▶ [Task details]: What this exercise calls for is an exact copy of the data.

▶ [Given information]:

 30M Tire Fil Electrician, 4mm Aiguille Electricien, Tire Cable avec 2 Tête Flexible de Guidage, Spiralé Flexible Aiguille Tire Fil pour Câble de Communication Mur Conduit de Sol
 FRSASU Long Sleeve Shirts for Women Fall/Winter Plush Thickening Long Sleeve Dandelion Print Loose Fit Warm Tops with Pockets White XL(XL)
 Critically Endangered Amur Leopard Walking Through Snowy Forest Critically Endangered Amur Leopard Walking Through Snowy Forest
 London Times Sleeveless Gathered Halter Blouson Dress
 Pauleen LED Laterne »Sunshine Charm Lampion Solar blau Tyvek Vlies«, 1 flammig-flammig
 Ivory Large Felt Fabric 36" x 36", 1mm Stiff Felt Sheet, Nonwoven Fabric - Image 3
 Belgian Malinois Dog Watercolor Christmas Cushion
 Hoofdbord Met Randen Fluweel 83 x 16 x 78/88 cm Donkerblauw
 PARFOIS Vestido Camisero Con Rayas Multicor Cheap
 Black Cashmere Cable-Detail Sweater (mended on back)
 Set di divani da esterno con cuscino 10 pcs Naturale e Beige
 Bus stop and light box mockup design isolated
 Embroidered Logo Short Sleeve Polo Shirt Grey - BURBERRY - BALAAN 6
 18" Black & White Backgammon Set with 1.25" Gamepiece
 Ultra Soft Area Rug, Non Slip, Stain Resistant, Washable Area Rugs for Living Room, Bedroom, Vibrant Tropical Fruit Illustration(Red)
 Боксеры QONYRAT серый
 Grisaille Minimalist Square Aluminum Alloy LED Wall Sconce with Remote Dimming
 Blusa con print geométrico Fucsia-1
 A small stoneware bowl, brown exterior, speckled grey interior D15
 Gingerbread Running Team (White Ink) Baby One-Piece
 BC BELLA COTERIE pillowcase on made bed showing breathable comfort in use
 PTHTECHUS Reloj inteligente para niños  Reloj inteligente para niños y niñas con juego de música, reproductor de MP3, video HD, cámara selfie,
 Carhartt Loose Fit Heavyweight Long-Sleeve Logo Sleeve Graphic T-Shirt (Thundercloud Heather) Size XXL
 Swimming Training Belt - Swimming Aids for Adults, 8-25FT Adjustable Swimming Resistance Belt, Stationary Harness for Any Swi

▶ [Exercise solution]:
 30M Tire Fil Electrician, 4mm Aiguille Electricien, Tire Cable avec 2 Tête Flexible de Guidage, Spiralé Flexible Aiguille Tire Fil pour Câble de Communication Mur Conduit de Sol
 FRSASU Long Sleeve Shirts for Women Fall/Winter Plush Thickening Long Sleeve Dandelion Print Loose Fit Warm Tops with Pockets White XL(XL)
 Critically Endangered Amur Leopard Walking Through Snowy Forest Critically Endangered Amur Leopard Walking Through Snowy Forest
 London Times Sleeveless Gathered Halter Blouson Dress
 Pauleen LED Laterne »Sunshine Charm Lampion Solar blau Tyvek Vlies«, 1 flammig-flammig
 Ivory Large Felt Fabric 36" x 36", 1mm Stiff Felt Sheet, Nonwoven Fabric - Image 3
 Belgian Malinois Dog Watercolor Christmas Cushion
 Hoofdbord Met Randen Fluweel 83 x 16 x 78/88 cm Donkerblauw
 PARFOIS Vestido Camisero Con Rayas Multicor Cheap
 Black Cashmere Cable-Detail Sweater (mended on back)
 Set di divani da esterno con cuscino 10 pcs Naturale e Beige
 Bus stop and light box mockup design isolated
 Embroidered Logo Short Sleeve Polo Shirt Grey - BURBERRY - BALAAN 6
 18" Black & White Backgammon Set with 1.25" Gamepiece
 Ultra Soft Area Rug, Non Slip, Stain Resistant, Washable Area Rugs for Living Room, Bedroom, Vibrant Tropical Fruit Illustration(Red)
 Боксеры QONYRAT серый
 Grisaille Minimalist Square Aluminum Alloy LED Wall Sconce with Remote Dimming
 Blusa con print geométrico Fucsia-1
 A small stoneware bowl, brown exterior, speckled grey interior D15
 Gingerbread Running Team (White Ink) Baby One-Piece
 BC BELLA COTERIE pillowcase on made bed showing breathable comfort in use
 PTHTECHUS Reloj inteligente para niños  Reloj inteligente para niños y niñas con juego de música, reproductor de MP3, video HD, cámara selfie,
 Carhartt Loose Fit Heavyweight Long-Sleeve Logo Sleeve Graphic T-Shirt (Thundercloud Heather) Size XXL
 Swimming Training Belt - Swimming Aids for Adults, 8-25FT Adjustable Swimming Resistance Belt, Stationary Harness for Any Swi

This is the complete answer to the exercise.